Nikki tells Barbie about different instances when she was judged based on the color of her skin.
“Barbie and I had a sticker-selling contest on the beach last month. We split up and went our separate directions to see who could sell the most. While I was on the boardwalk, beach security stopped me three times,” Nikki shares. “The security officer thought I was doing something bad, even though I was doing exactly the same thing that you were doing.”
On another occasion, Nikki says she was underestimated by a teacher who assumed she only aced a French honor club admissions quiz because she “got lucky.”
When a concerned Barbie asks her friend why she didn’t stay in the French honor club “to prove him wrong,” Nikki responds with a statement on how experiencing bias can be exhausting.
“I don’t want to constantly prove and re-prove myself,” Nikki says. “He supported you right from the beginning and didn’t support me.”
“Usually when I talk about these things, people make excuses…People did these things to me because I was Black and they made the wrong assumptions about me.”
Equally compelling to Nikki’s reflections are Barbie’s actions during the video. Throughout Nikki’s stories, Barbie is an attentive listener.
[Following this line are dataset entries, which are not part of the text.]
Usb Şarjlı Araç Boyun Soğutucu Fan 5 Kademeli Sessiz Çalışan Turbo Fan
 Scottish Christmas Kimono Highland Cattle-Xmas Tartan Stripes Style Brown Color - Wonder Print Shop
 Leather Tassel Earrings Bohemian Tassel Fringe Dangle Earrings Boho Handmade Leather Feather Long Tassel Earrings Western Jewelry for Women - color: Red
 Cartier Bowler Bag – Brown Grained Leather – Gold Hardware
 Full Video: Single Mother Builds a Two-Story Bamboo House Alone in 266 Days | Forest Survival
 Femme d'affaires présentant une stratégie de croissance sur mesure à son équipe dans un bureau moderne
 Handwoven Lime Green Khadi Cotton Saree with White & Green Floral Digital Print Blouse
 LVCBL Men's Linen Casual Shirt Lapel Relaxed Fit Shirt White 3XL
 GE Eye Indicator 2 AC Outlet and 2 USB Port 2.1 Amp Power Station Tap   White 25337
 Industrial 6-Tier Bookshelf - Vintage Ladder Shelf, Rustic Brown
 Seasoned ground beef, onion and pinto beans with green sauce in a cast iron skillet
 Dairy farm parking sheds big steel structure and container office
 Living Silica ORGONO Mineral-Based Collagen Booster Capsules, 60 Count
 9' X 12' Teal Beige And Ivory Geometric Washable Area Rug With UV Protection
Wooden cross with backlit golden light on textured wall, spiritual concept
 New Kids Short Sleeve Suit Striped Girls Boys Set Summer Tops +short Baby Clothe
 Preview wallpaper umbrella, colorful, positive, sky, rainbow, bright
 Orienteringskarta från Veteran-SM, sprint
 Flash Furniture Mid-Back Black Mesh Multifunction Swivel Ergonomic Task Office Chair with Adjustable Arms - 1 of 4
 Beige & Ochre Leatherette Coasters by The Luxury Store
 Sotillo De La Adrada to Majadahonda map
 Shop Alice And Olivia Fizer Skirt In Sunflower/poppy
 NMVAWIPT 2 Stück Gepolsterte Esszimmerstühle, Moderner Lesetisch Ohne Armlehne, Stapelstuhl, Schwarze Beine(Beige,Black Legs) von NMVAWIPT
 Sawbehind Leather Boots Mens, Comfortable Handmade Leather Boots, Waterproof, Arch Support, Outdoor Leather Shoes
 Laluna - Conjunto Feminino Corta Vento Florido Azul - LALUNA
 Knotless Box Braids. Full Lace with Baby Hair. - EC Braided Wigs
And when she does speak, Barbie uses the opportunity to educate her viewers about how her friend’s experiences are indicative of a broader problem.
Barbie is no stranger to championing gender equality and racial justice
The Barbie YouTube vlog is one component of a larger commitment by the Mattel company to girls’ empowerment.
The original video content allows Barbie to engage with its young consumers while nurturing interpersonal skills and self confidence. In other Barbie vlogs, she has taught young viewers about gaslighting, the tendency to over-apologize and mental health.
“Barbie is championing gender equality to help close the racial injustice barrier girls face through the Dream Gap and this is one way the brand is addressing it,” Mattel said in a statement to CNN.
“The goal of the episode is to help girls to understand that there is a huge movement going on in the fight against racism, why people are marching together and the importance of reading and learning more about Black history,” Mattel said.
Barbie’s push for impactful video content is also apt for today’s quarantine landscape. With many students still attending school virtually and the dynamics of socialization changing, the Barbie YouTube channel and dolls offer an engaging way to stimulate social awareness through play.
And, it seems to be working.
Doll play activates brain regions that allow children to develop empathy and social information, according to the study.
With more than 9.6 million subscribers, the official Barbie page is currently the most watched channel directed at girls on YouTube. With the continued success of their educational content, Mattel and Barbie® are cultivating a new generation on how to engage with social issues with consideration and kindness.
“We hope that families watch this together and leverage the brand to discuss a really tough topic with a young child and hope it spurs many more conversations on how girls can support one another, especially leading up to International Day of the Girl this weekend,” the company said.